Alternately, you could use a Counter:

from collections import Counter
text = ['apple', 'banana', 'apple', 'orange']
c = Counter(text)
craighagerman
  • 373
  • 2
  • 8
  • 1
    Isn't NLTK overkill for this? – matsjoyce Mar 24 '15 at 18:12
  • Is NLTK overkill? Depends. If you have NLTK installed already it has the 'batteries included' to calculate Frequency distributions and print out stats (most_common etc) which I find very useful. I do a lot of NLP work and find NLTK very useful. It is hardly overkill for me - just a useful tool for a particular job. But if you aren't doing any NLP work and are just doing a one-off frequency distribution, then it is overkill. That is why I gave two options. – craighagerman Mar 25 '15 at 18:46
  • 2
    Thats not the relative frequency. Its just the counts. The relative frequency would have been {apple : 0.5, banana : 0.25, orange : 0.25} – Isbister Mar 06 '17 at 13:41
  • See below for an answer without third party requirements: https://stackoverflow.com/a/58412985. This is a question, that is not (at all) specific to NLP, so 1) the majority of people having a similar issue won't have this issue in the context of NLP and 2) even in that case it should not be assumed that people have nltk installed, due to the variety of NLP frameworks out there. That's regarding the first answer; the second part does not solve the question asked, since it returns absolute frequencies, whereas the question asked for relative frequencies. – pedjjj Apr 19 '20 at 11:31
4

The following snippet does exactly what the question asks for: given a Counter() object, return a dict that contains the same keys but with relative frequencies as values.
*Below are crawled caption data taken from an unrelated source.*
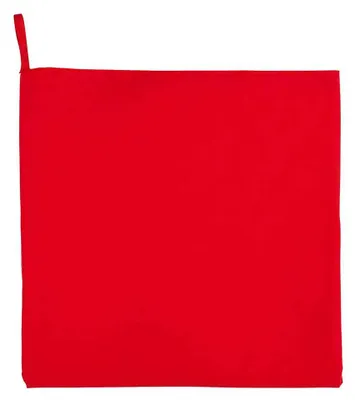 Image de SOLS - Serviette « Atoll 70 », microfibre LT2291 (taille unique) (rouge)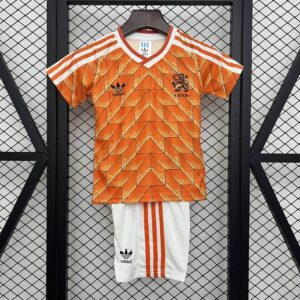 Netherlands 1988-89 Home Kids Kit
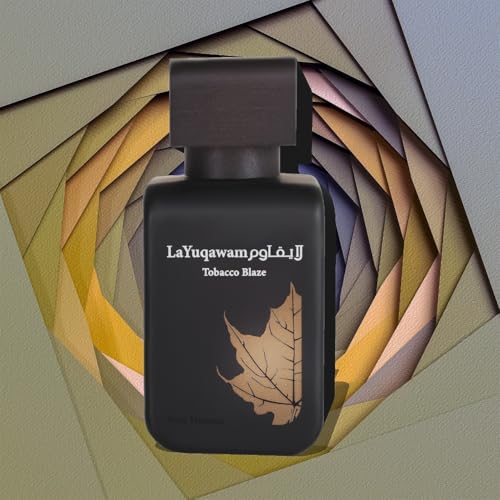 Rasasi La Yuqawam Tobacco Blaze for Men EDP, 75 ml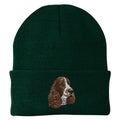 English Springer Spaniel Embroidered Beanie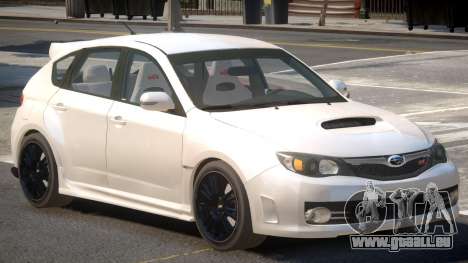Subaru Impreza WRX STi Y9 pour GTA 4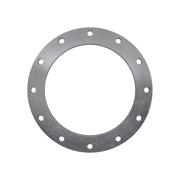 Flanges, Sort, EN 1092-1, Planflange, T:01, PN6, A, DN350, 355,6, P250GH, 1.0460,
No third party library required.

def counter_to_relative(counter):
    total_count = sum(counter.values())
    relative = {}
    for key in counter:
        relative[key] = counter[key] / total_count
    return relative
pedjjj
  • 958
  • 3
  • 18
  • 40
3

This simple code will do the job, returns a list of tuples but you can adapt it easily.

lst = ['apple', 'banana', 'apple', 'orange']
counts = [(word, lst.count(word) / len(lst)) for word in set(lst)] 

It will return the relative frequencies of each word as below:

[('orange', 0.25), ('banana', 0.25), ('apple', 0.5)]

Note that :

  1. iterate over set(lst) to avoid duplicates
  2. divide the lst.count by len(lst) to get relative frequencies
Ram
  • 31
  • 2
2

You can do this pretty easily by just counting the number of times the element occurs in the list.

def relative_frequency(lst, element):
    return lst.count(element) / float(len(lst))

words = ['apple', 'banana', 'apple', 'orange']
print(relative_frequency(words, 'apple'))
petabyte
  • 1,487
  • 4
  • 15
  • 31
0

Make a dictionary with words as keys, and times of occurence as values. After you have this dictionary you can divide each value by length of list of words.

justanothercoder
  • 1,830
  • 1
  • 16
  • 27